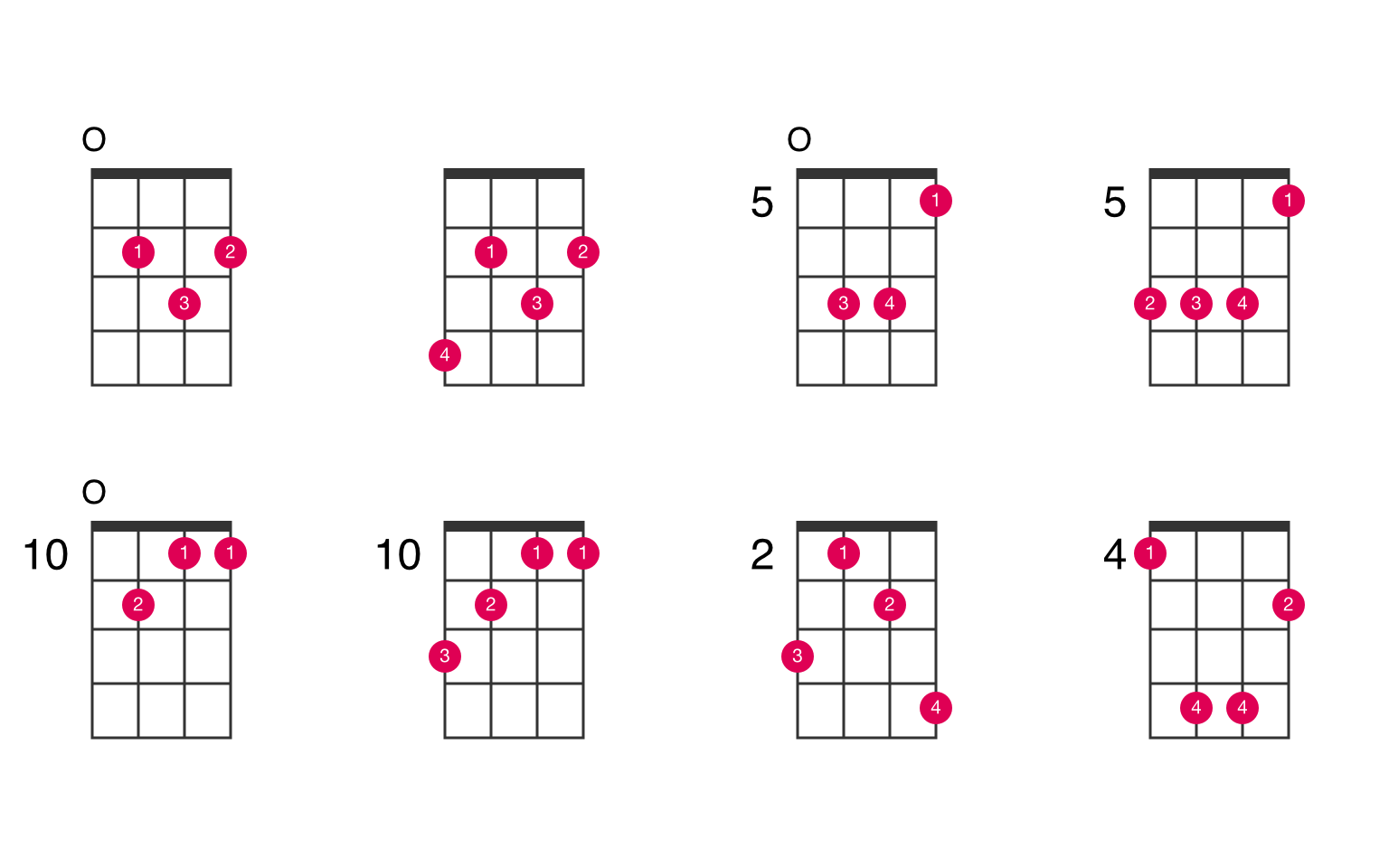 g uke chords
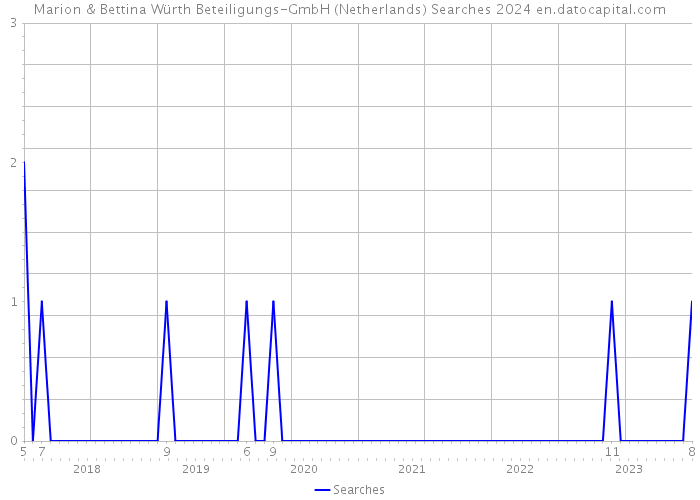 Marion & Bettina Würth Beteiligungs-GmbH (Netherlands) Searches 2024 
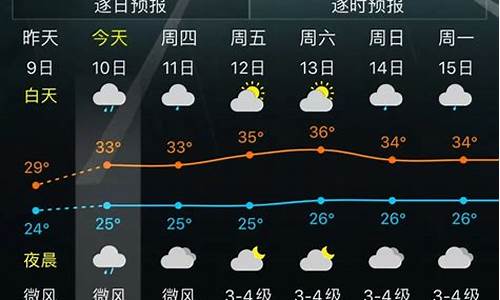 福州天气24小时查询_福州天气24小时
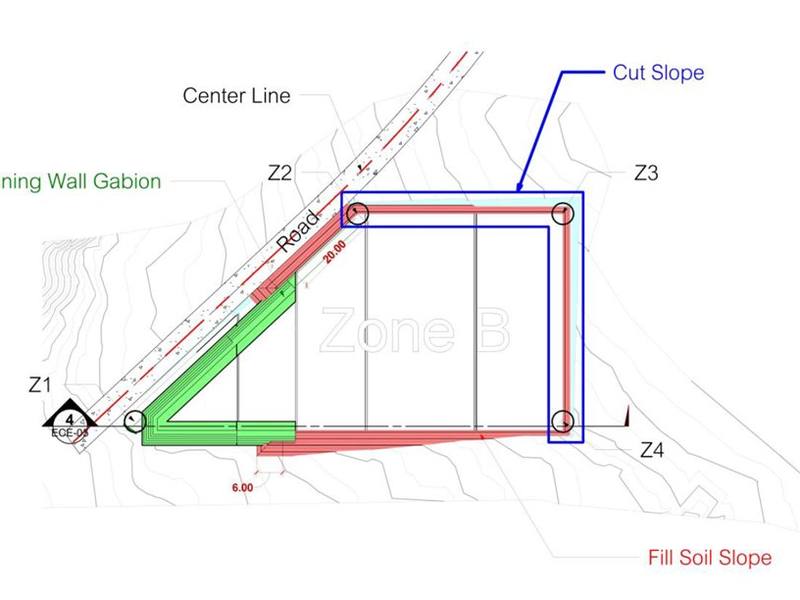 Zone B — Plan — Retaining Wall Gabion / Cut & Fill Slope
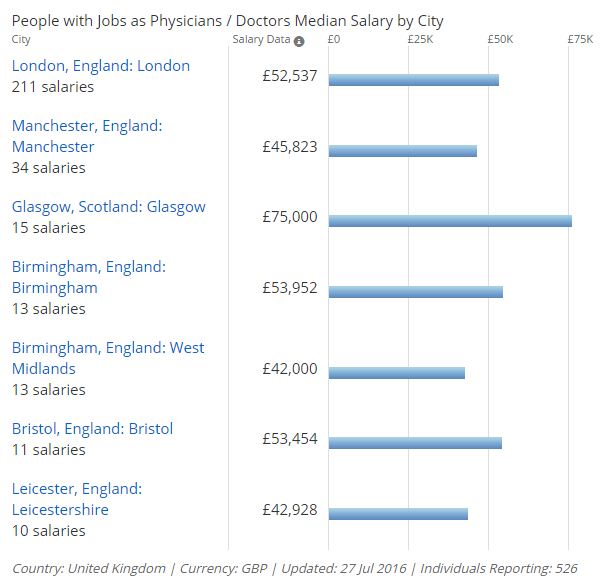 salary 6.JPG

**WORK INSTRUCTIONS**
Print every record exactly, without the pictures.

**EXERCISE ANSWER**
 g uke chords
 Marion & Bettina Würth Beteiligungs-GmbH (Netherlands) Searches 2024 
 福州天气24小时查询_福州天气24小时
 Zone B — Plan — Retaining Wall Gabion / Cut & Fill Slope
 salary 6.JPG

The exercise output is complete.